## RECORDS FOR THIS TASK

★ ★ ★

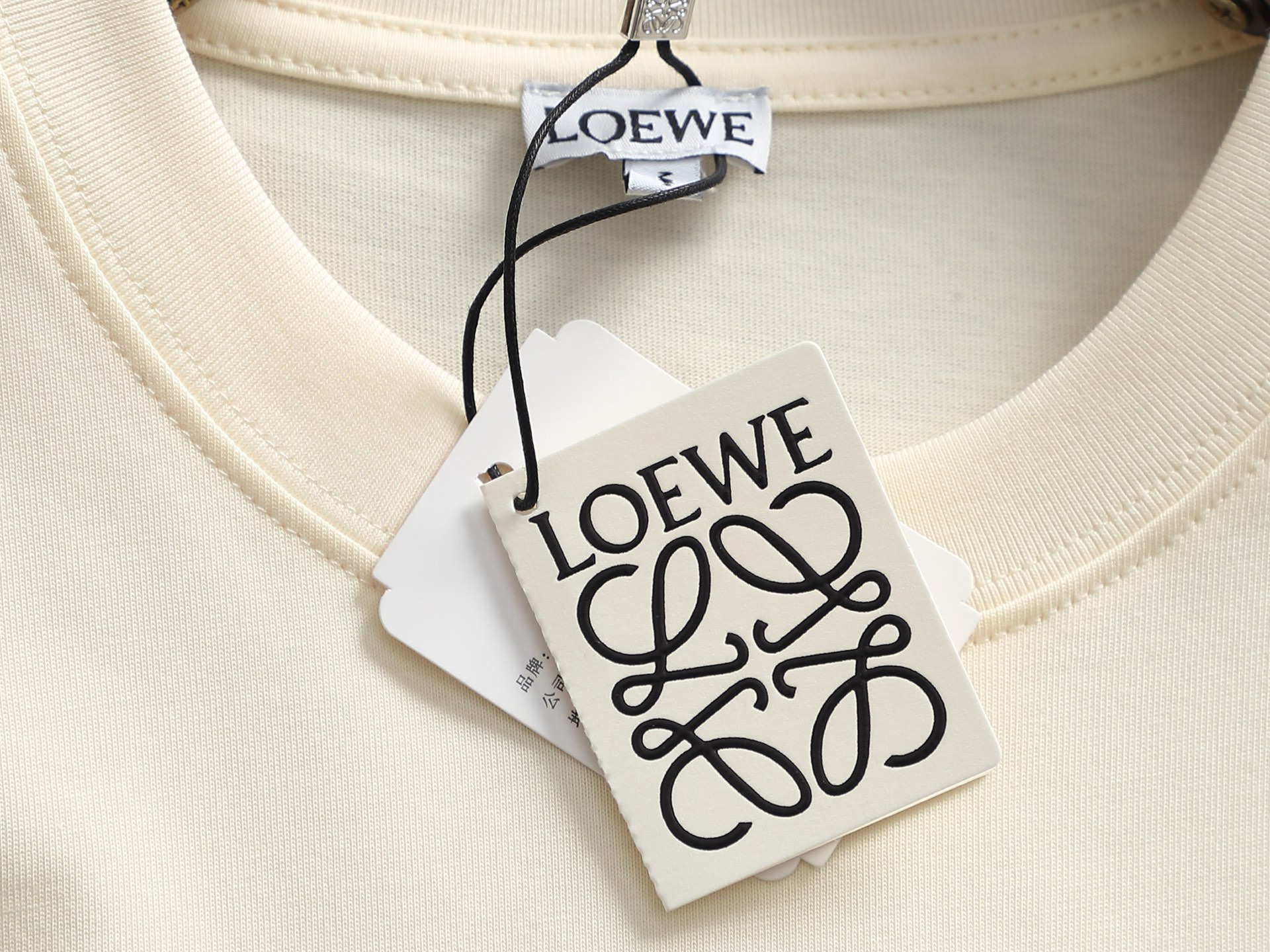 Loewe LOEWE罗意威 高密度立体口袋logo刺绣 短袖T恤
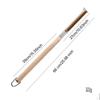 26'' Pizza Oven Brush Stone Cleaning BBQ Grill Wood Handle Kitchens Replacement with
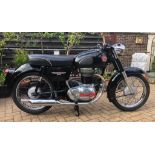 A 1962 Matchless 350cc motorcycle Chassis No. 2583 Engine No.11465 Black. Odometer 06414 Matchless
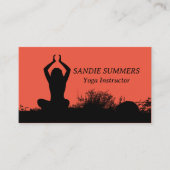 Yoga Wellness Instructor Meditation Visitekaartje (Voorkant)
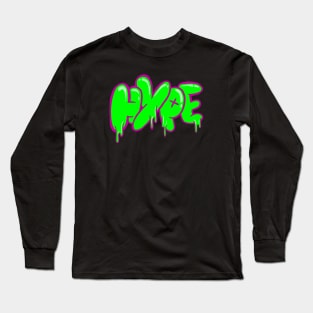 Hype Neon Graffiti Long Sleeve T-Shirt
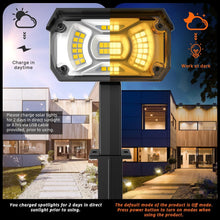 Load image into Gallery viewer, 10 Pack Waterproof Solar LED Landscape Lights with Adjustable Brightness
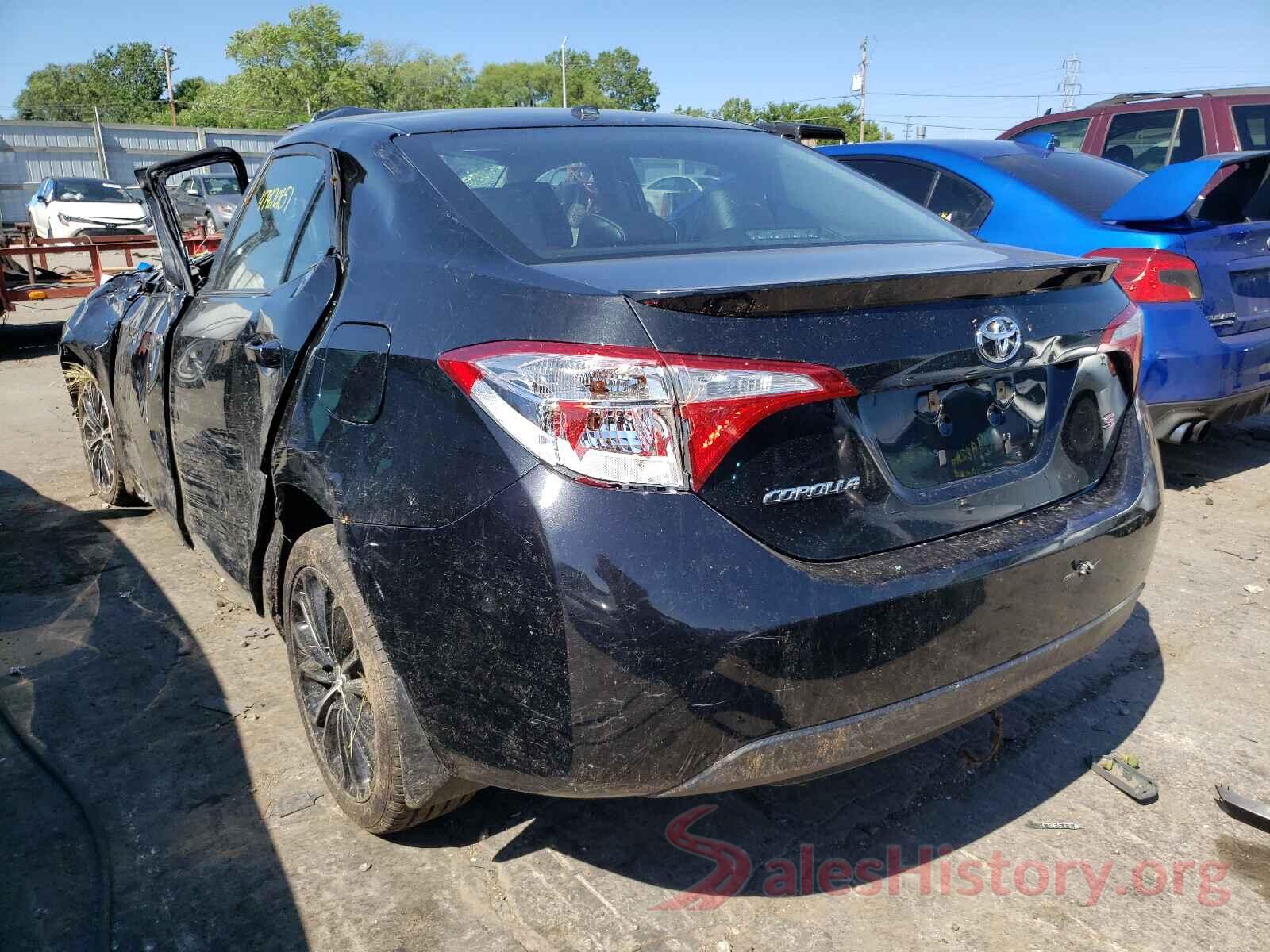 2T1BURHEXGC573151 2016 TOYOTA COROLLA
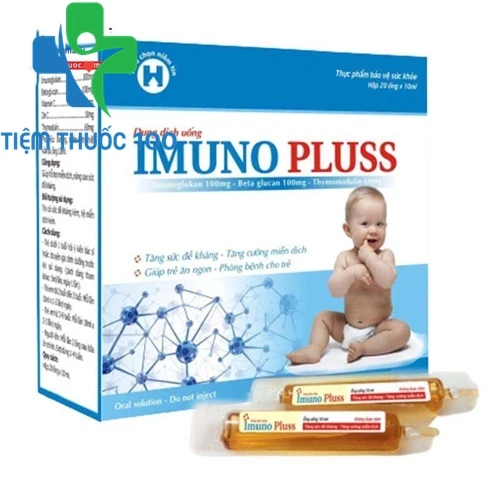 Imuno Pluss - Hỗ trợ tăng cường sức khỏe, nâng cao sức đề kháng hiệu quả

★ ★ ★

## EXERCISE DESCRIPTION
Your answer must be the entries written out word for word, without their pictures.

## YOUR SOLUTION
 Loewe LOEWE罗意威 高密度立体口袋logo刺绣 短袖T恤
 26'' Pizza Oven Brush Stone Cleaning BBQ Grill Wood Handle Kitchens Replacement with
 A 1962 Matchless 350cc motorcycle Chassis No. 2583 Engine No.11465 Black. Odometer 06414 Matchless
 Yoga Wellness Instructor Meditation Visitekaartje (Voorkant)
 Hype Neon Graffiti Long Sleeve T-Shirt
 Load image into Gallery viewer, 10 Pack Waterproof Solar LED Landscape Lights with Adjustable Brightness
 2T1BURHEXGC573151 2016 TOYOTA COROLLA
 Imuno Pluss - Hỗ trợ tăng cường sức khỏe, nâng cao sức đề kháng hiệu quả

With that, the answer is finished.